(Pictures with short captions)
#####

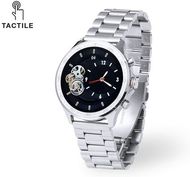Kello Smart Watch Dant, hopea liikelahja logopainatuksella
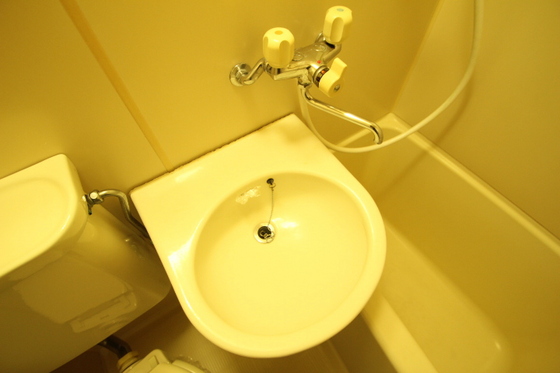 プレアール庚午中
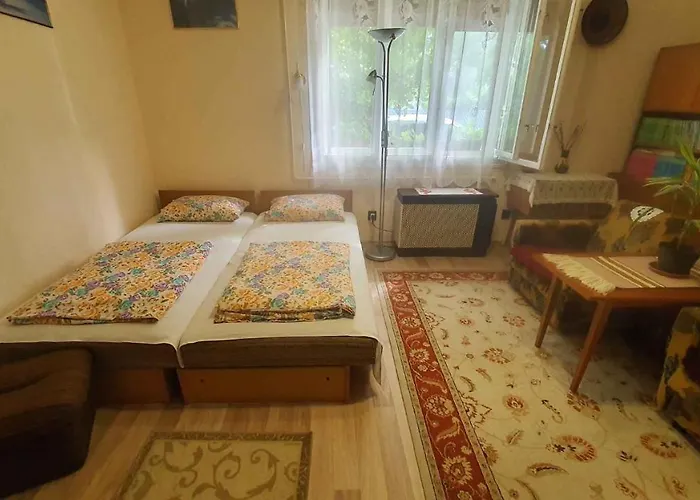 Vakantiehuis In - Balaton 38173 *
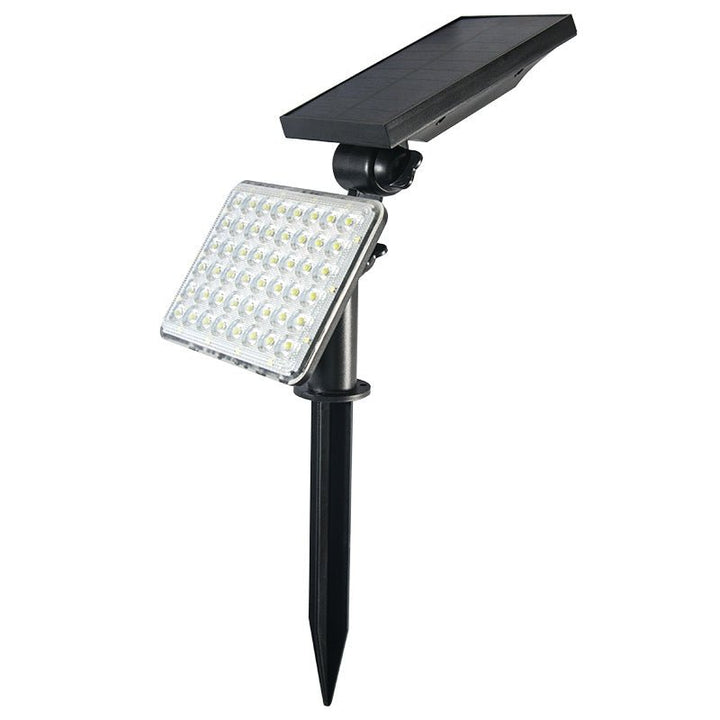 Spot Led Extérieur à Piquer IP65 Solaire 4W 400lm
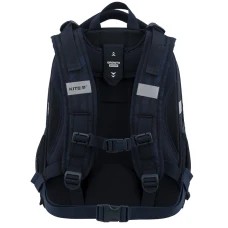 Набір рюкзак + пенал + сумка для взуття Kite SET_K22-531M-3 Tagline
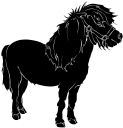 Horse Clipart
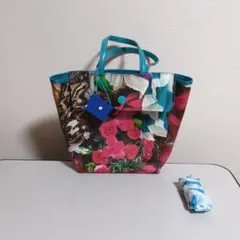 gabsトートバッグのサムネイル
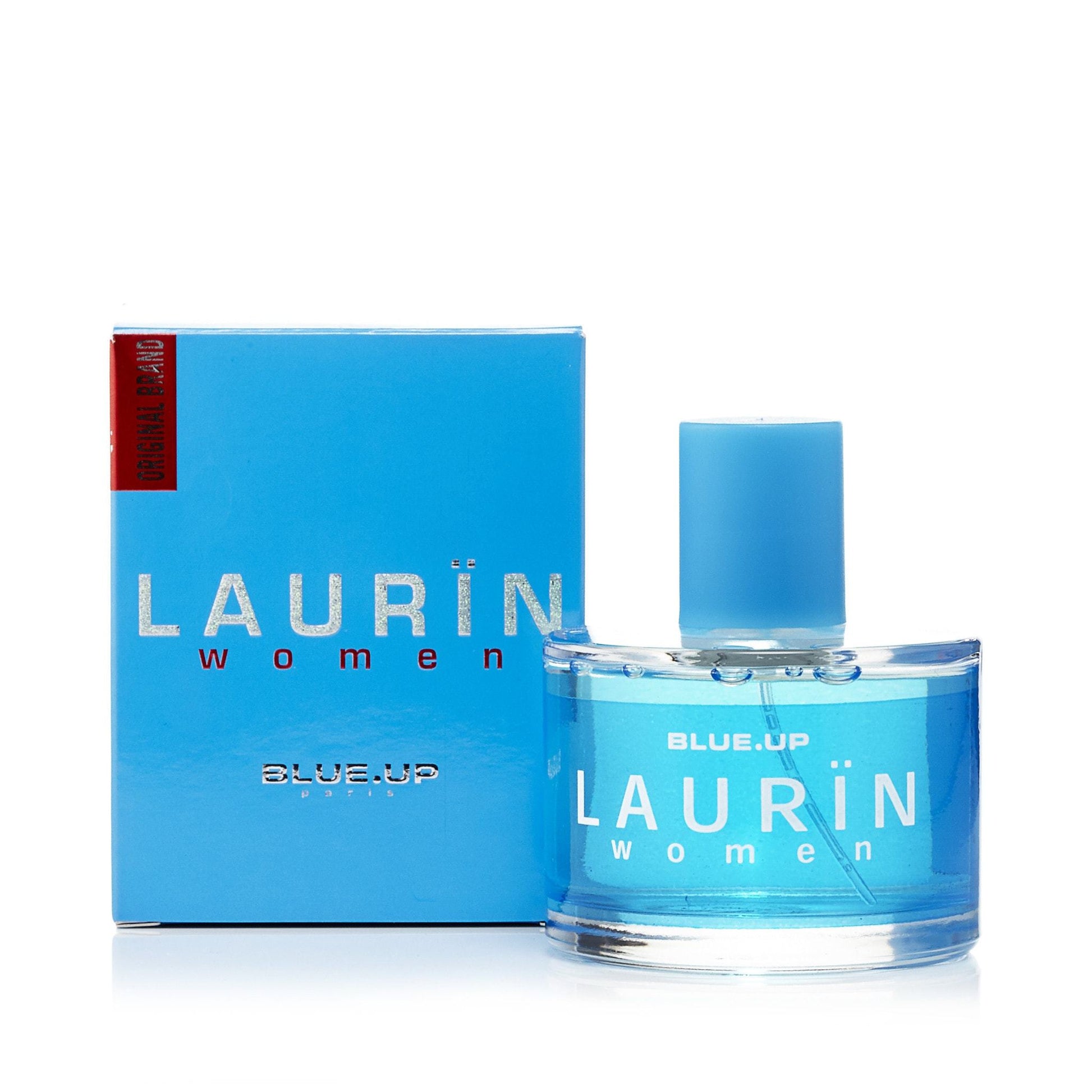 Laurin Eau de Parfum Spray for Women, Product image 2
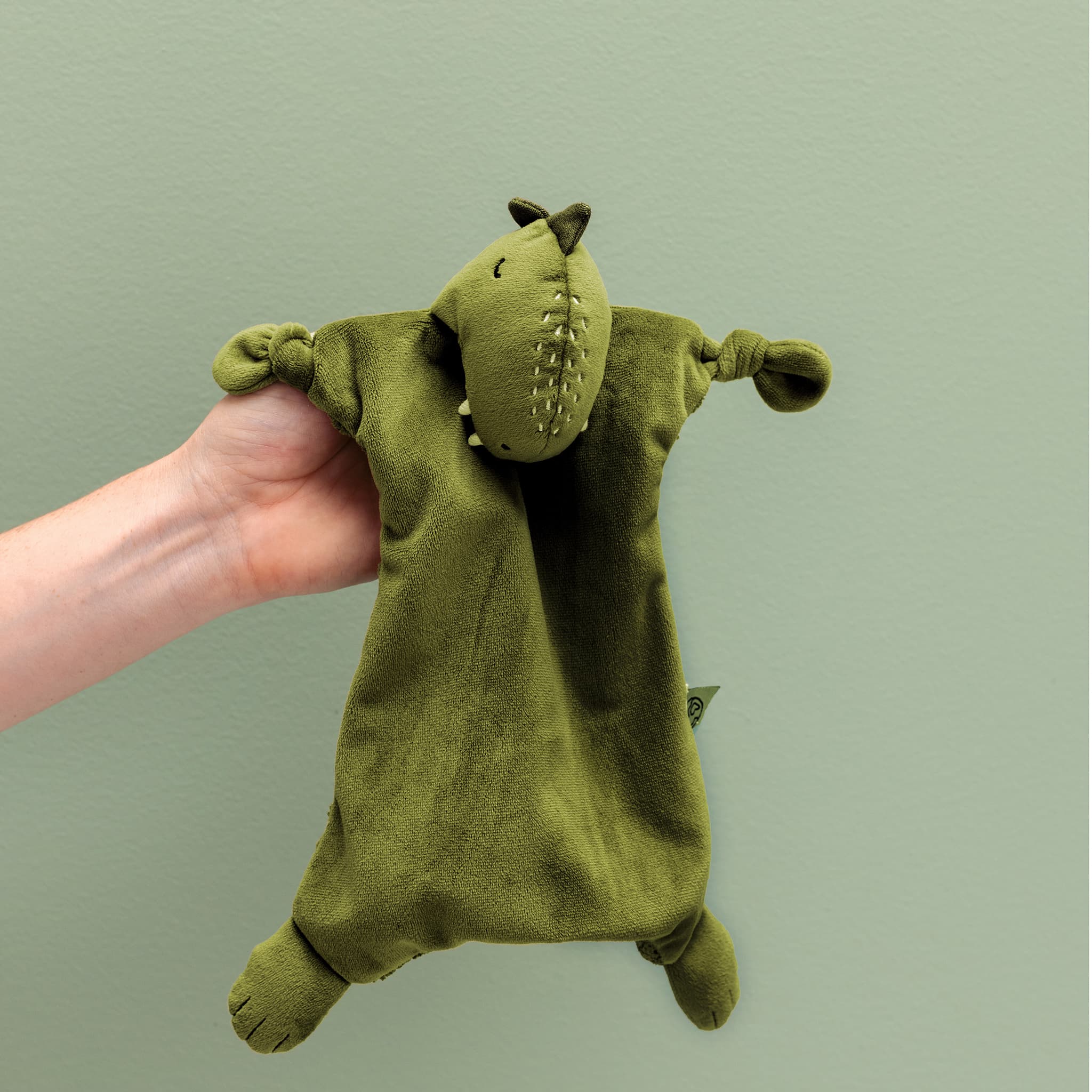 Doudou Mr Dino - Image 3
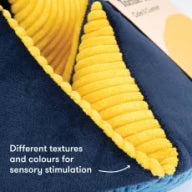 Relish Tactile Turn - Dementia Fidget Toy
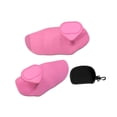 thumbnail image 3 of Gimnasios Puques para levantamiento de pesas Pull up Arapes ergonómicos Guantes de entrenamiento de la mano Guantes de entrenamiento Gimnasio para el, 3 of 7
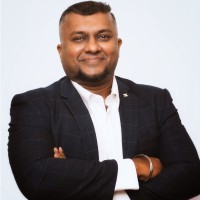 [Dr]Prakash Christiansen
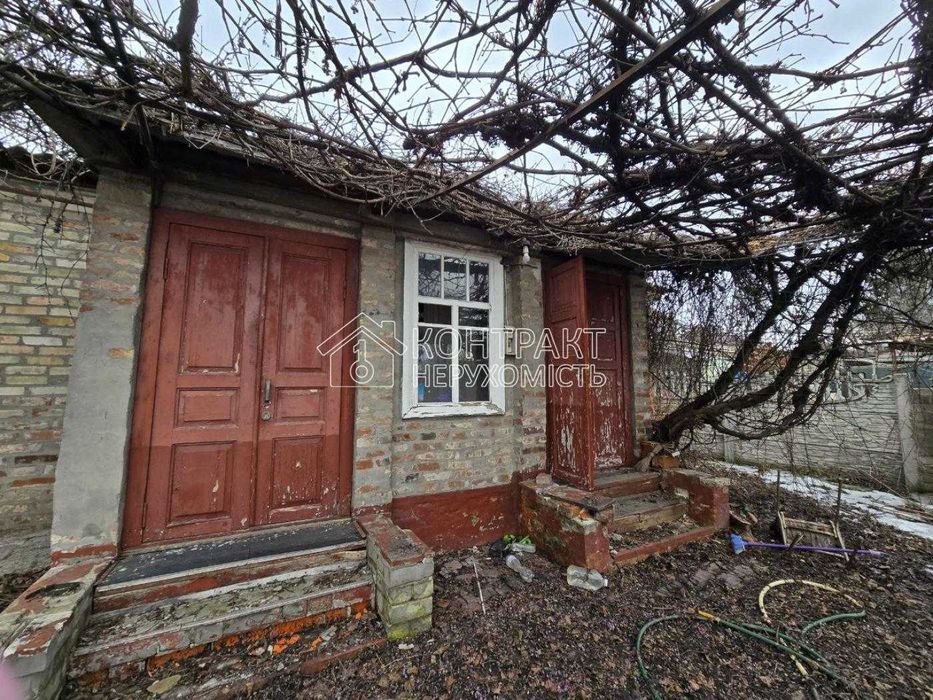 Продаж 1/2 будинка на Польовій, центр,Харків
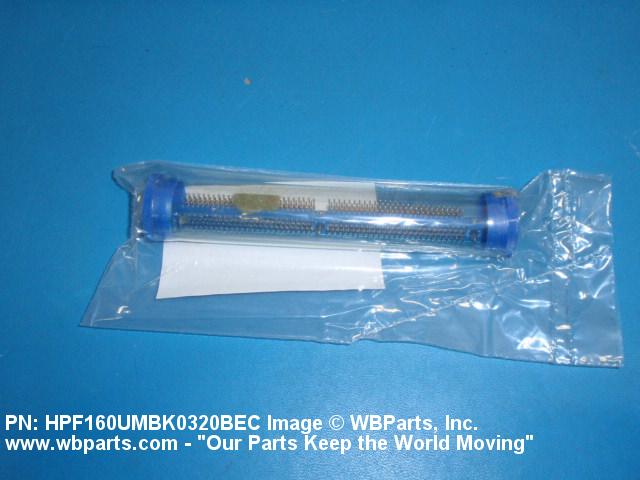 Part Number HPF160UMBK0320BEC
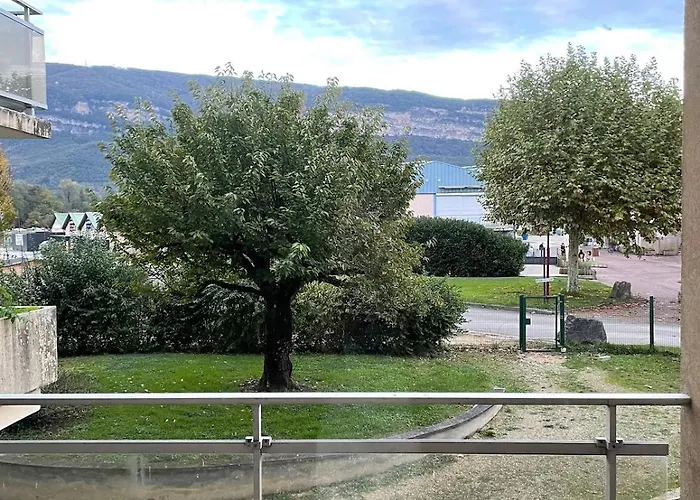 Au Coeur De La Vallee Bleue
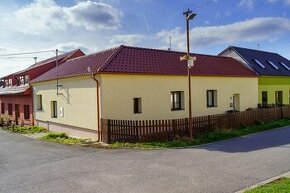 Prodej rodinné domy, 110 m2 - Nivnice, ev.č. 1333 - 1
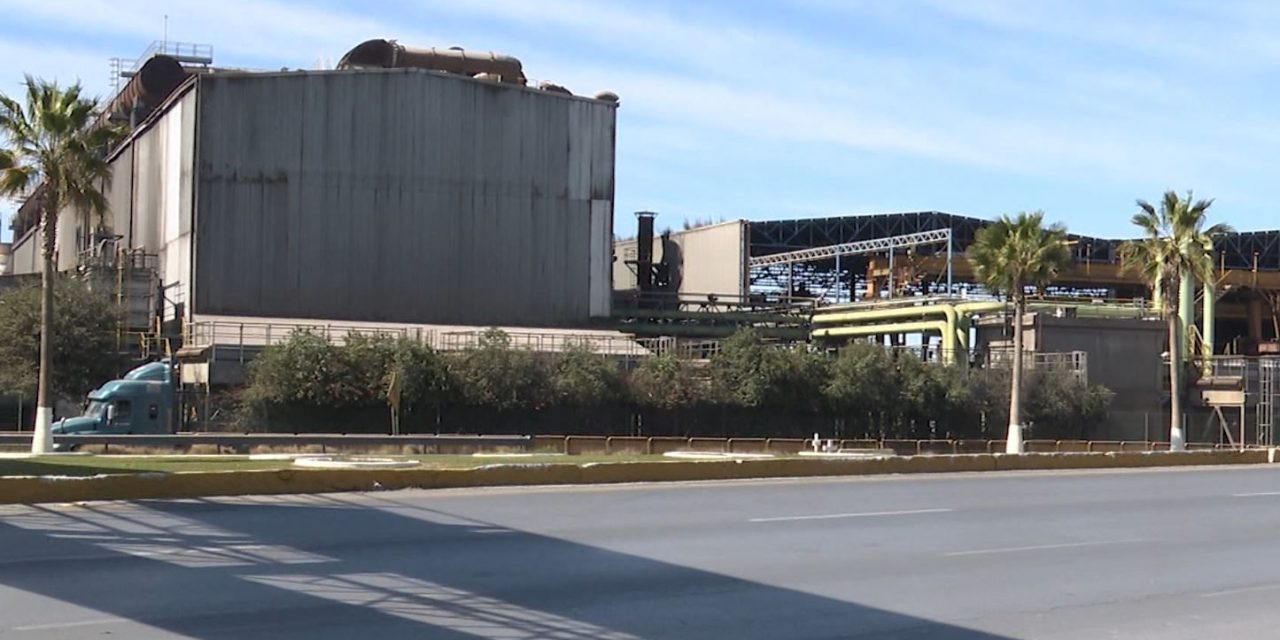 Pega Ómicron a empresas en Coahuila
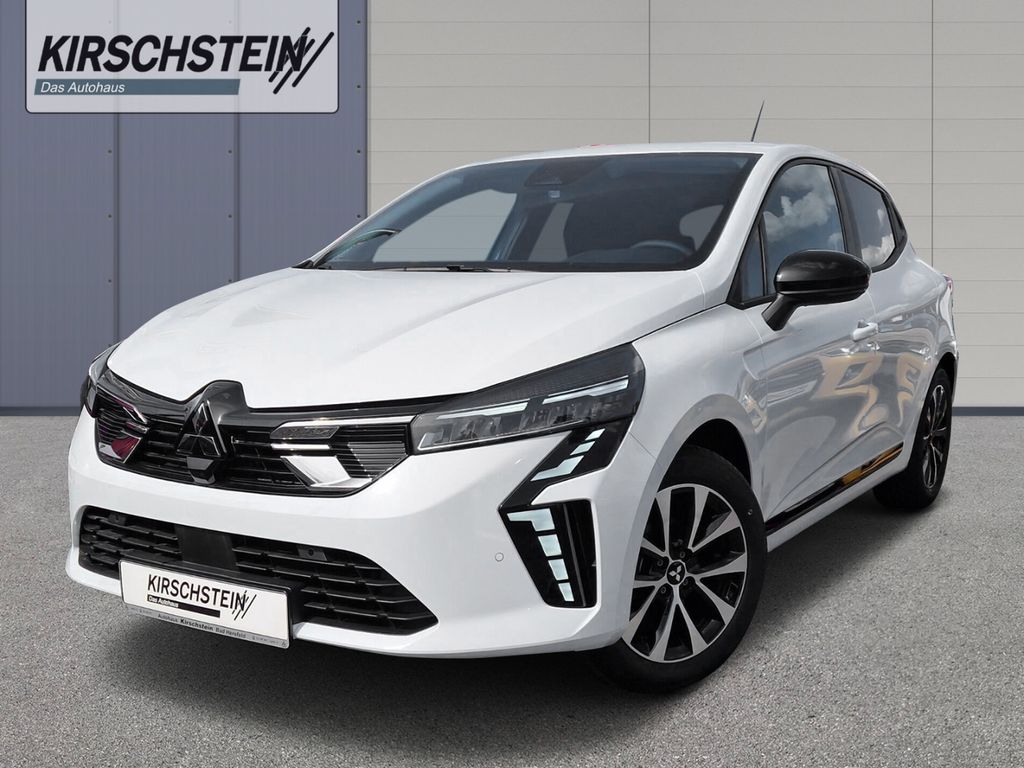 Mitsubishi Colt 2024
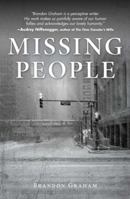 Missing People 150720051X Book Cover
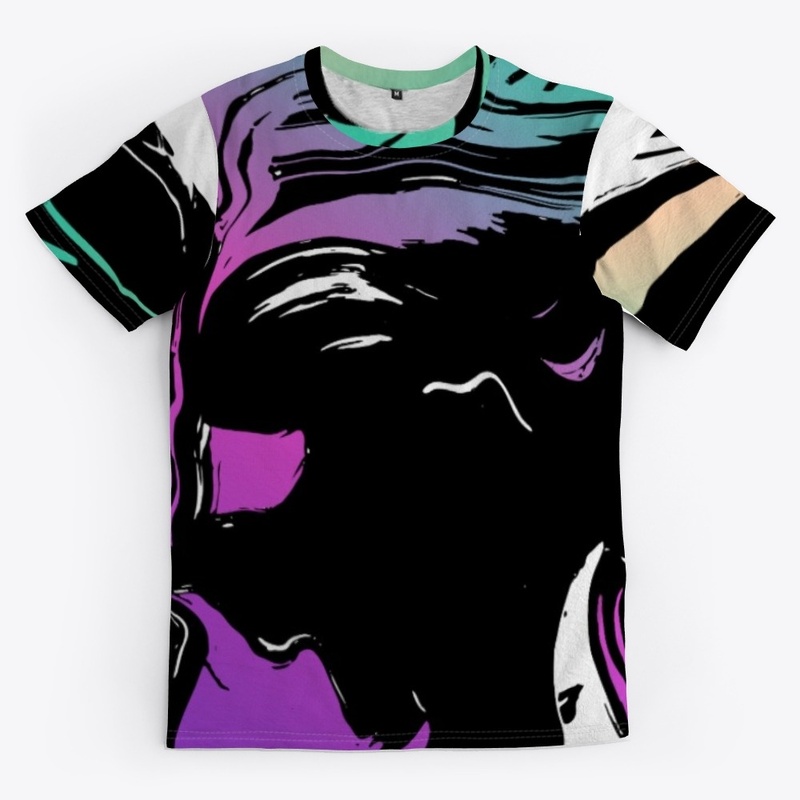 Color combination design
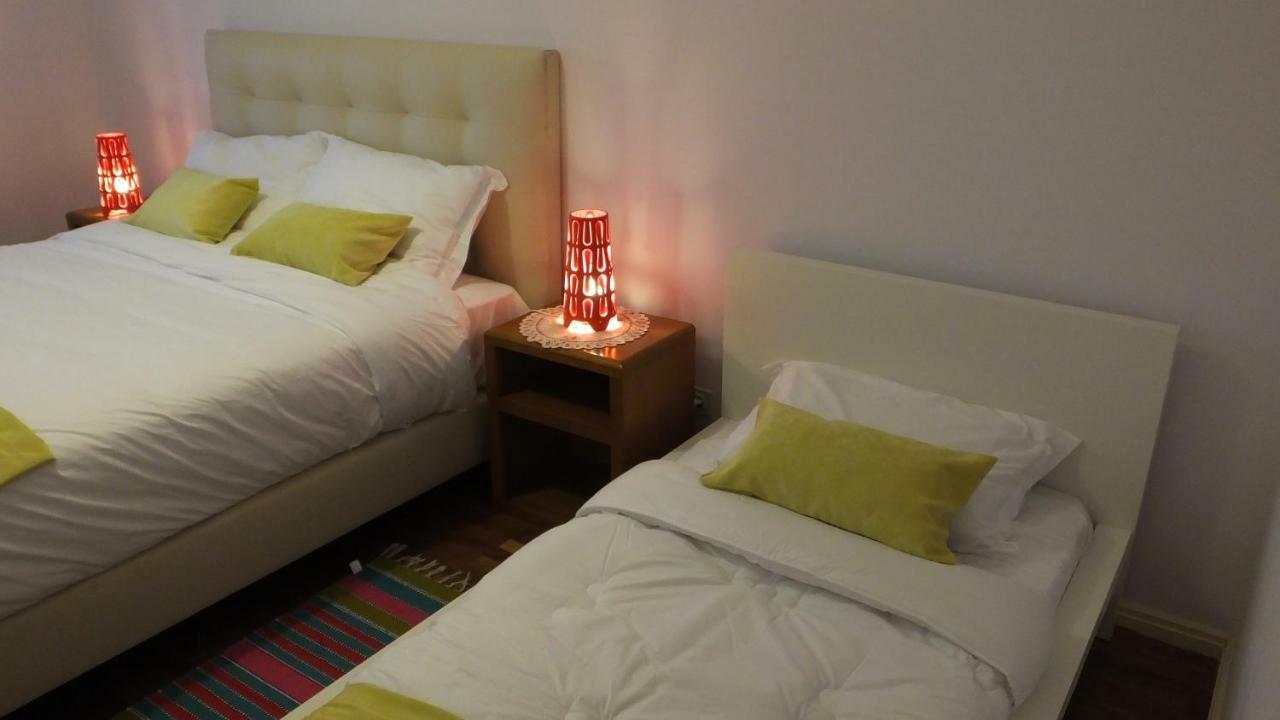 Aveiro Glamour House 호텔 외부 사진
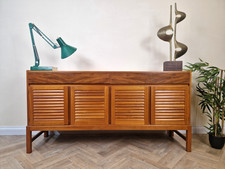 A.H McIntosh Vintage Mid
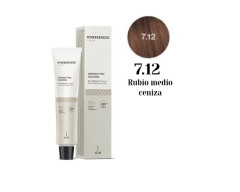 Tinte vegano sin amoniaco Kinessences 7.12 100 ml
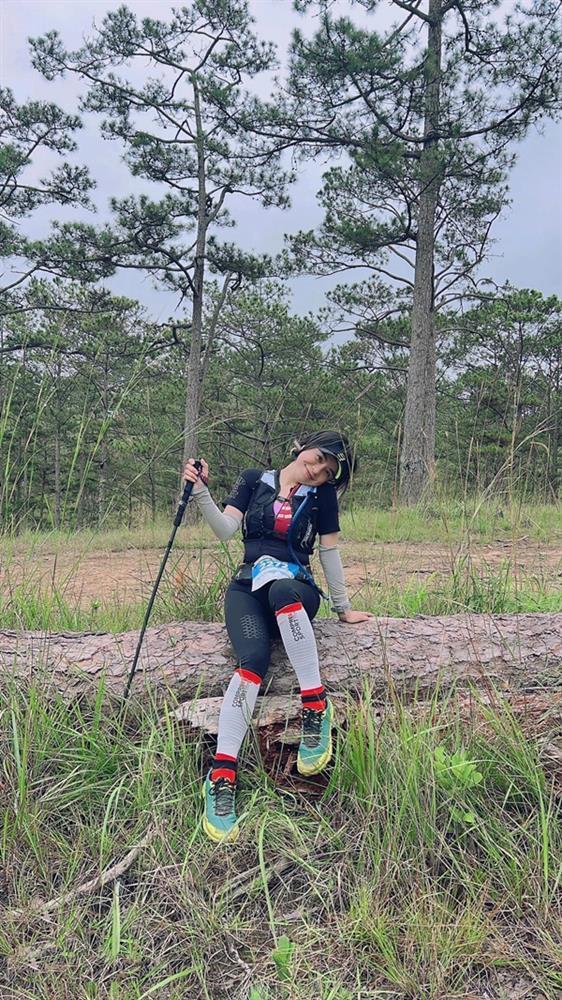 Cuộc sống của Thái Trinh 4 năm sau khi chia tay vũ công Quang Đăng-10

#####

Task instructions - Write out all the entries word for word, but drop the pictures.

Completed exercise -
Kello Smart Watch Dant, hopea liikelahja logopainatuksella
 プレアール庚午中
 Vakantiehuis In - Balaton 38173 *
 Spot Led Extérieur à Piquer IP65 Solaire 4W 400lm
 Набір рюкзак + пенал + сумка для взуття Kite SET_K22-531M-3 Tagline
 Horse Clipart
 gabsトートバッグのサムネイル
 Laurin Eau de Parfum Spray for Women, Product image 2
 Doudou Mr Dino - Image 3
 Relish Tactile Turn - Dementia Fidget Toy
 thumbnail image 3 of Gimnasios Puques para levantamiento de pesas Pull up Arapes ergonómicos Guantes de entrenamiento de la mano Guantes de entrenamiento Gimnasio para el, 3 of 7
 [Dr]Prakash Christiansen
 Продаж 1/2 будинка на Польовій, центр,Харків
 Part Number HPF160UMBK0320BEC
 Au Coeur De La Vallee Bleue
 Prodej rodinné domy, 110 m2 - Nivnice, ev.č. 1333 - 1
 Pega Ómicron a empresas en Coahuila
 Mitsubishi Colt 2024
 Missing People 150720051X Book Cover
 Color combination design
 Aveiro Glamour House 호텔 외부 사진
 A.H McIntosh Vintage Mid
 Tinte vegano sin amoniaco Kinessences 7.12 100 ml
 Cuộc sống của Thái Trinh 4 năm sau khi chia tay vũ công Quang Đăng-10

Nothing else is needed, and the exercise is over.